Solve this problem.

The length of the smaller rectangle at the right is 1 inch less than twice its width. Both the dimensions of the larger rectangle are 2 inches longer than the smaller rectangle. The area of the shaded region is 86 square inches. What is the area of the smaller rectangle?

Let x = the width of the smaller rectangle.

The length of the smaller rectangle is 2x - 1.

Area is A = lw

So the area of the smaller rectangle is A = (x) (2x - 1) = 2x^2 - x

The larger rectangle's width is two inches more than the width of the smaller rectangle (x+2).

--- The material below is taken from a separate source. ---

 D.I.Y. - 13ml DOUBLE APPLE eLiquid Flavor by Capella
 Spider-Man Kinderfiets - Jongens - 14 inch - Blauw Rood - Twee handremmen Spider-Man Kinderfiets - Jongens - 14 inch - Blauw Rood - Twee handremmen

The larger rectangle's length is two inches more than the length of the smaller rectangle:

2x - 1 + 2 = 2x + 1

Area is A = lw

The area of the larger rectangle is A = (x + 2) (2x + 1) = 2x^2 + x + 4x + 2 = 2x^2 + 5x + 2.

The area of the larger rectangle minus the area of the smaller rectangle is 86:

(2x^2 + 5x + 2) - (2x^2 - x) = 86

Rewrite as adding the opposite:

(2x^2 + 5x + 2) + (-2x^2 + x) = 86

Combine like terms:

6x + 2 = 86

6x = 84

x = 14

The area of the smaller rectangle was 2x^2 - x, so

2 (14) ^2 - (14)

2 (196) - 14

392 - 14

378

The area of the smaller rectangle is 378 square inches.